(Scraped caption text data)
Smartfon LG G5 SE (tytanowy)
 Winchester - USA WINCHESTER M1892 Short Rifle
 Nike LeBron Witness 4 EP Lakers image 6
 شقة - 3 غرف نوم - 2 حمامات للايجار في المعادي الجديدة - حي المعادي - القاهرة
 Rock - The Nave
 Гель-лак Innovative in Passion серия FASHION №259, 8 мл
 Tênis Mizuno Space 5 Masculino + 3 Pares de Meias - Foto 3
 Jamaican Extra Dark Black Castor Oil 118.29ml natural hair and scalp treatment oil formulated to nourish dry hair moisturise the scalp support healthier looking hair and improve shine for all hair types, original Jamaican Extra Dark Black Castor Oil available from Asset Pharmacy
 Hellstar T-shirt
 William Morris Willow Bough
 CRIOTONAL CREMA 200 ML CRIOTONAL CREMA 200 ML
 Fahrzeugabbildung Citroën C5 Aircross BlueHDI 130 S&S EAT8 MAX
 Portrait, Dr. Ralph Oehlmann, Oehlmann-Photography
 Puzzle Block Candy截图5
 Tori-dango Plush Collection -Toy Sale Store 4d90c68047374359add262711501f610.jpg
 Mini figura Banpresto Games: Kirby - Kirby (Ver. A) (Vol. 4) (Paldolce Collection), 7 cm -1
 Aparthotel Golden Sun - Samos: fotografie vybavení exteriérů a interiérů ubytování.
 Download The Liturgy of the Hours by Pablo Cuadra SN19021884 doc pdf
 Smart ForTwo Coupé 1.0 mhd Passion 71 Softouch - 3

Task prompt:
Check each line above for the string "Collection" and show the ones that have it.

Written answer:
 Tori-dango Plush Collection -Toy Sale Store 4d90c68047374359add262711501f610.jpg
 Mini figura Banpresto Games: Kirby - Kirby (Ver. A) (Vol. 4) (Paldolce Collection), 7 cm -1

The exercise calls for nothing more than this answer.